Short text fragments from websites:
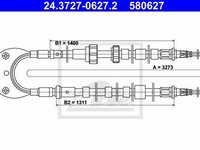 Cablu frana mana FORD ESCORT V GAL TEXTAR 44023900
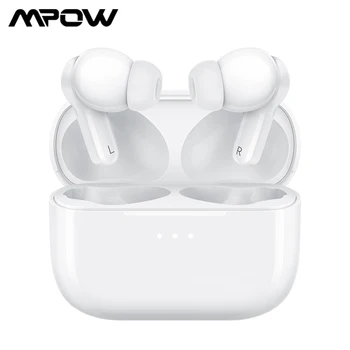 Mpow Mpods Bluetooth 5.0 Bezvadu Austiņas IPX8 Ūdensizturīgs Trokšņa Slāpēšanas Earbuds ar 4 Mic & 35Hrs Atskaņošana iPhone 12
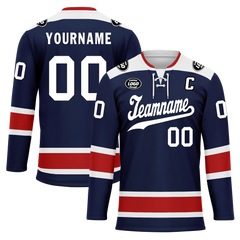 Custom Blue Red Personalized Hockey Jersey HCKJ01-D0a70f0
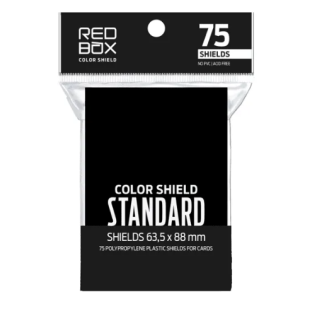 Sleeves RedBox: Shield Black: STANDARD 63,5x88mm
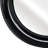 Modern Round Metal Mirror with Sleek Iron Frame and Contemporary Decorative Design for Stylish Accent Decor.-802295892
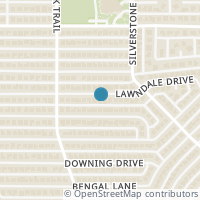 Map location of 2600 Lawndale Dr, Plano TX 75023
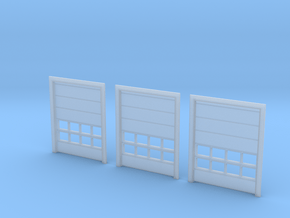 N Scale 3x Overhead Door #2 in Clear Ultra Fine Detail Plastic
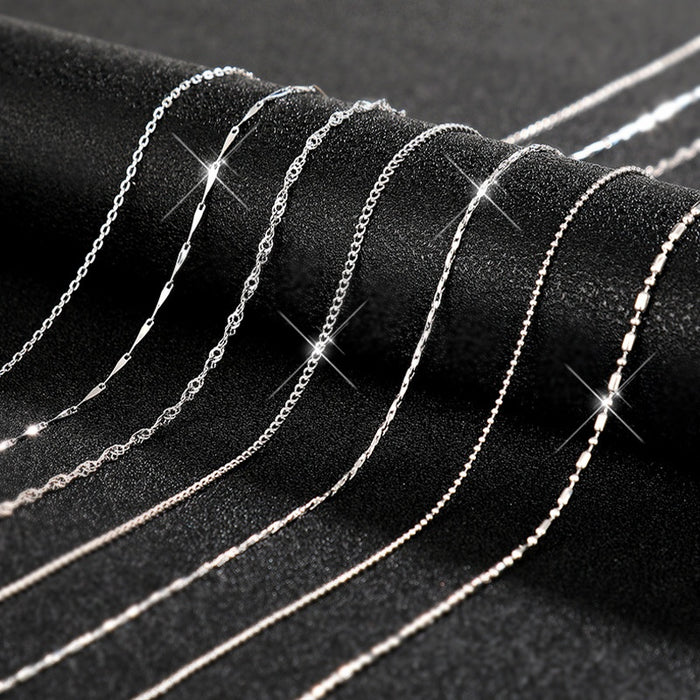 Fashion Box Chain Cross Chain Wave Snake Bone Melon Seed Lip Chain Collarbone Necklace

PROBLEM DESCRIPTION: Repeat the entries exactly and keep the pictures out of the copy.

TASK RESULT:
 Cablu frana mana FORD ESCORT V GAL TEXTAR 44023900
 Mpow Mpods Bluetooth 5.0 Bezvadu Austiņas IPX8 Ūdensizturīgs Trokšņa Slāpēšanas Earbuds ar 4 Mic & 35Hrs Atskaņošana iPhone 12
 Custom Blue Red Personalized Hockey Jersey HCKJ01-D0a70f0
 Sleeves RedBox: Shield Black: STANDARD 63,5x88mm
 Modern Round Metal Mirror with Sleek Iron Frame and Contemporary Decorative Design for Stylish Accent Decor.-802295892
 Map location of 2600 Lawndale Dr, Plano TX 75023
 N Scale 3x Overhead Door #2 in Clear Ultra Fine Detail Plastic
 Fashion Box Chain Cross Chain Wave Snake Bone Melon Seed Lip Chain Collarbone Necklace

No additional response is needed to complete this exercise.